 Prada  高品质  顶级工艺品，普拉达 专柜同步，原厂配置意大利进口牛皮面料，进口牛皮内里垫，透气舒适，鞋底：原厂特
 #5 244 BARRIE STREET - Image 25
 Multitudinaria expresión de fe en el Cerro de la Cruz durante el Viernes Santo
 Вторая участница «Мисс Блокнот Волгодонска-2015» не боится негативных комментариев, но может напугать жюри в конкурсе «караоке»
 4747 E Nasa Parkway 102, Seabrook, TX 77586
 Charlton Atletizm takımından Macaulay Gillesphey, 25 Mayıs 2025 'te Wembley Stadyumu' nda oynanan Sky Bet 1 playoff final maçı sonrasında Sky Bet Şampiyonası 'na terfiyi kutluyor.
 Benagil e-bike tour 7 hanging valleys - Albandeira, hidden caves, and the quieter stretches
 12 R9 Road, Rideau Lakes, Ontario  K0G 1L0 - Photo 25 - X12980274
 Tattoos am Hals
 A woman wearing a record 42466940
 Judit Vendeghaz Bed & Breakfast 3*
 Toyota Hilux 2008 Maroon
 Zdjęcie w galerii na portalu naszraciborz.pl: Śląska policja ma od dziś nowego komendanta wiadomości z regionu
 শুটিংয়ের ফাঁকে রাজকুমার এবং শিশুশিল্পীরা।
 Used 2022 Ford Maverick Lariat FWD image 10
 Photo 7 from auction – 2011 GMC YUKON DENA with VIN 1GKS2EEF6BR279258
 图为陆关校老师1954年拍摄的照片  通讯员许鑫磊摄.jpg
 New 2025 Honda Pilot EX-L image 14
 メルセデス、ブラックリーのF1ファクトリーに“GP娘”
◆ ◆ ◆
Please give the number of lines above that contain the string "Photo", and nothing more.

Solved exercise
2